_PROBLEM TO SOLVE_
Transcribe nothing except the lines below that run from the one with "On a scale of" to the one with "Two pairs of", ends included, and do not copy any picture.

_PROVIDED DATA_

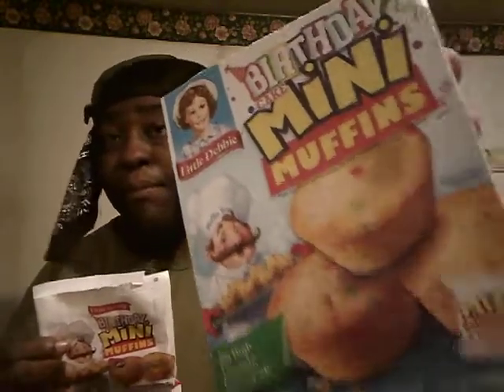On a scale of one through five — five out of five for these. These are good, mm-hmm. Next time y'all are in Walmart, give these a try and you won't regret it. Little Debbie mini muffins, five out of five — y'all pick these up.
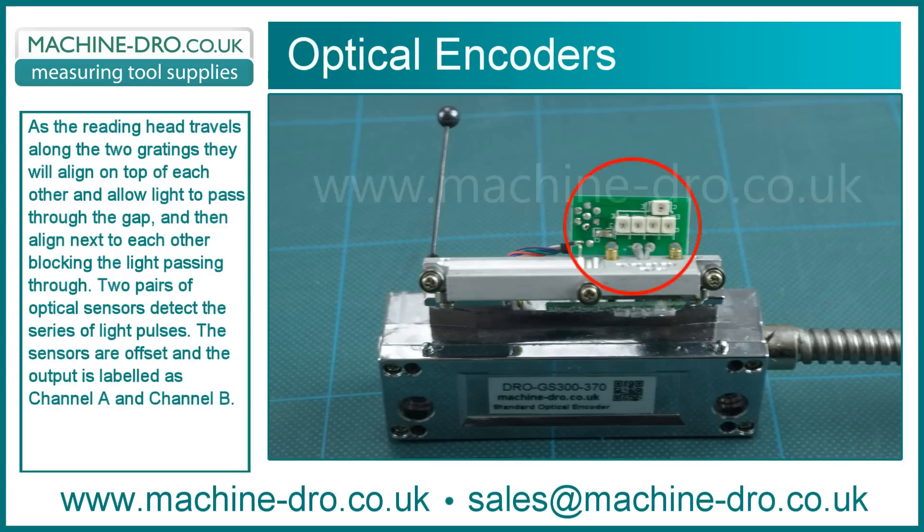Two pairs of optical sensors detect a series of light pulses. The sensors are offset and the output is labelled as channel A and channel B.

==

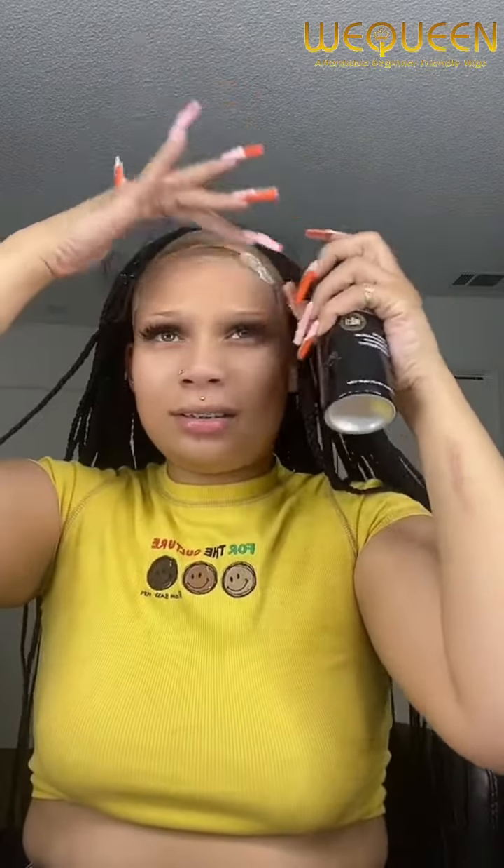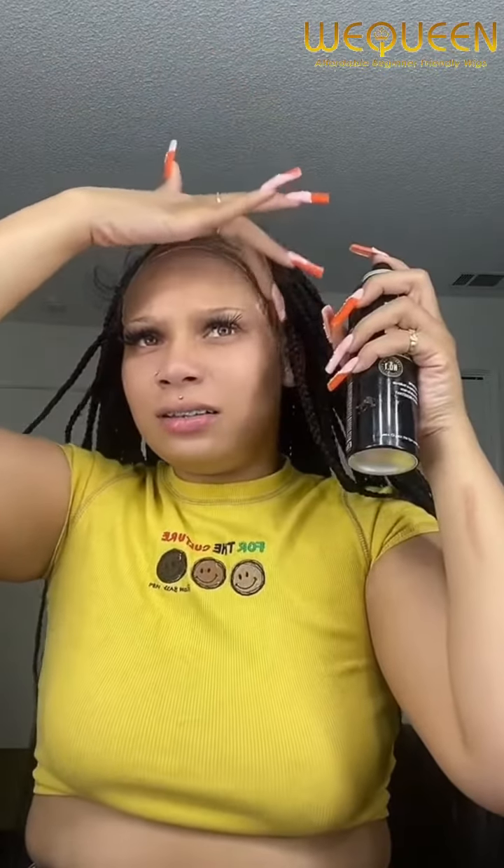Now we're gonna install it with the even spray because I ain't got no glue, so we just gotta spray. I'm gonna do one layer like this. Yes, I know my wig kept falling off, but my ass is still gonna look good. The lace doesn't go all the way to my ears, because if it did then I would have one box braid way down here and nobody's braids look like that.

_SOLVED PROBLEM_
On a scale of one through five — five out of five for these. These are good, mm-hmm. Next time y'all are in Walmart, give these a try and you won't regret it. Little Debbie mini muffins, five out of five — y'all pick these up.
Two pairs of optical sensors detect a series of light pulses. The sensors are offset and the output is labelled as channel A and channel B.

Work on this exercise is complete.